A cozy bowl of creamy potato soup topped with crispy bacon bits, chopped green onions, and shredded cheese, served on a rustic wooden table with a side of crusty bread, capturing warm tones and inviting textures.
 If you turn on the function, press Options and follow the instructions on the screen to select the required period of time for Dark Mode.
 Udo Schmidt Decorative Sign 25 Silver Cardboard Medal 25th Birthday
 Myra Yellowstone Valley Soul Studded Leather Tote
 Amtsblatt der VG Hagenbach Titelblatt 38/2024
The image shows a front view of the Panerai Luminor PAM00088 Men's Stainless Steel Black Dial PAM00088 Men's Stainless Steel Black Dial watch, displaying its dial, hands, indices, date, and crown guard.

──────

Write the lines again exactly, from the first line of the material above to the line that includes "Amtsblatt der VG", both included. Leave out all the rest.

Response area.
A cozy bowl of creamy potato soup topped with crispy bacon bits, chopped green onions, and shredded cheese, served on a rustic wooden table with a side of crusty bread, capturing warm tones and inviting textures.
 If you turn on the function, press Options and follow the instructions on the screen to select the required period of time for Dark Mode.
 Udo Schmidt Decorative Sign 25 Silver Cardboard Medal 25th Birthday
 Myra Yellowstone Valley Soul Studded Leather Tote
 Amtsblatt der VG Hagenbach Titelblatt 38/2024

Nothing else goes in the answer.